(Data excerpts Opens)
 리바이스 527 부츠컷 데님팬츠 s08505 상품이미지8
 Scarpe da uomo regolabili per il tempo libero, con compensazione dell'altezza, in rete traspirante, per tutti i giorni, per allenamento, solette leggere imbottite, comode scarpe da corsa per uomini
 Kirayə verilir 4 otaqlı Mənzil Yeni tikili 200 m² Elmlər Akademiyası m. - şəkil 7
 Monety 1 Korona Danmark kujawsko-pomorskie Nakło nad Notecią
(Data excerpts Closes)
(Data excerpts Opens)
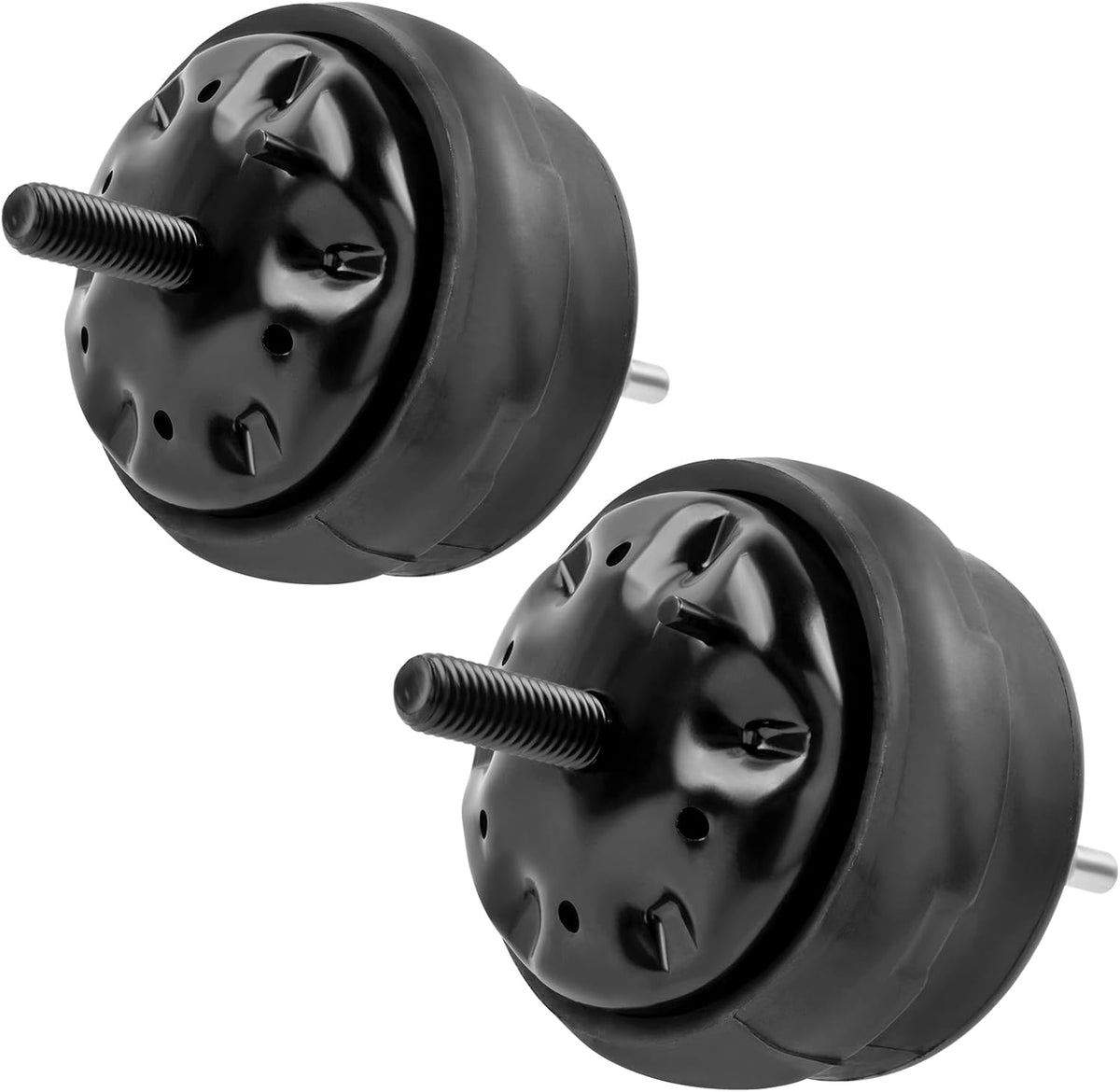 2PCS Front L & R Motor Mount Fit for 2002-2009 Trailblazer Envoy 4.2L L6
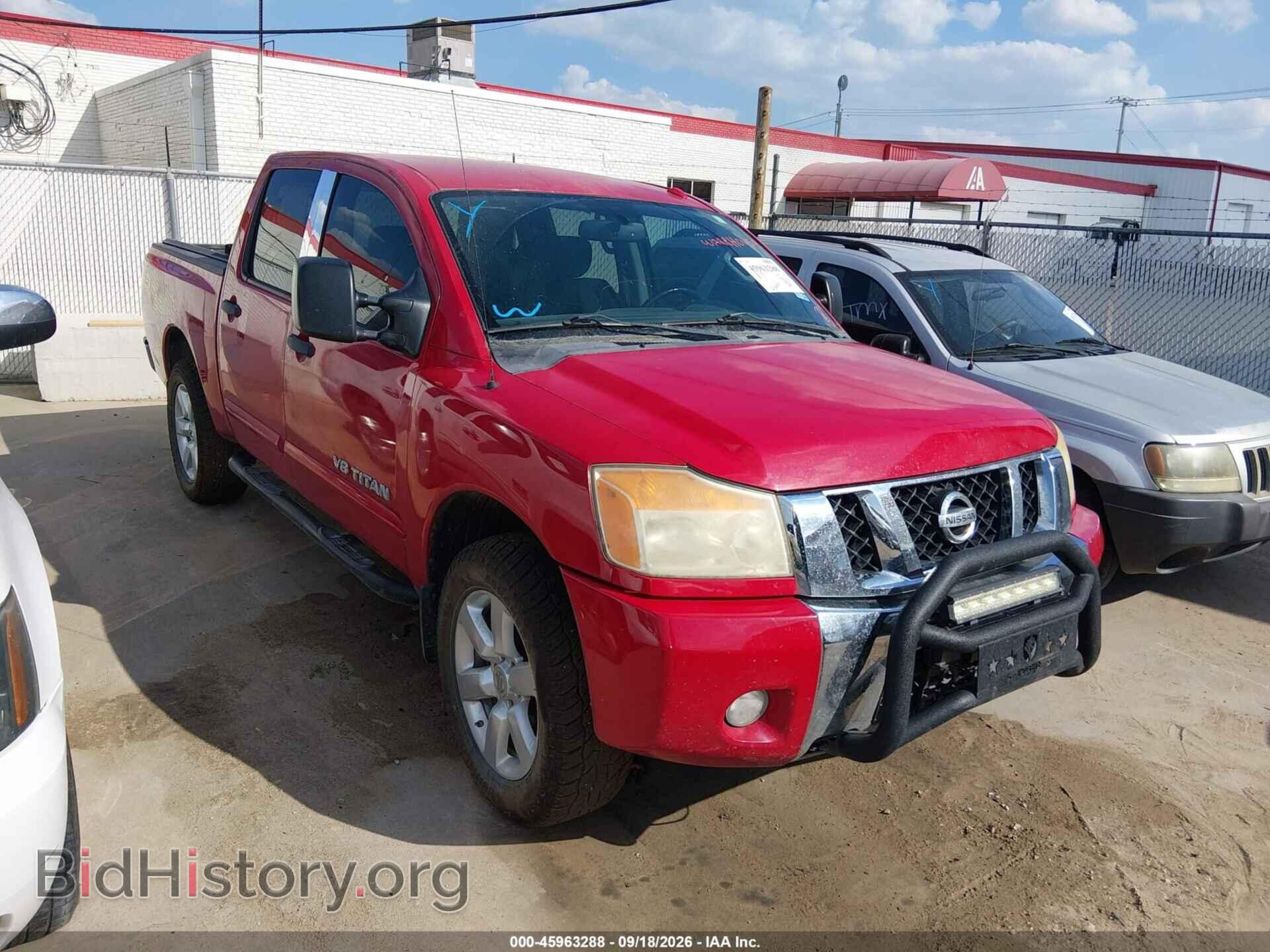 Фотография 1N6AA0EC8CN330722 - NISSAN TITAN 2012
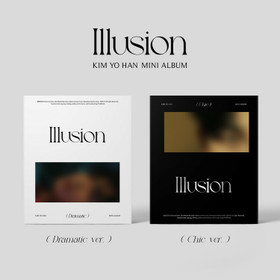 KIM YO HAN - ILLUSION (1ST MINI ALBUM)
(Data excerpts Closes)
» Task instructions:
The response must hold only the lines above from the line with "리바이스 527 부츠컷 데님팬츠 s08505 상품이미지8" through the line with "Monety 1 Korona", each copied exactly, both ends kept.

» Exercise output:
 리바이스 527 부츠컷 데님팬츠 s08505 상품이미지8
 Scarpe da uomo regolabili per il tempo libero, con compensazione dell'altezza, in rete traspirante, per tutti i giorni, per allenamento, solette leggere imbottite, comode scarpe da corsa per uomini
 Kirayə verilir 4 otaqlı Mənzil Yeni tikili 200 m² Elmlər Akademiyası m. - şəkil 7
 Monety 1 Korona Danmark kujawsko-pomorskie Nakło nad Notecią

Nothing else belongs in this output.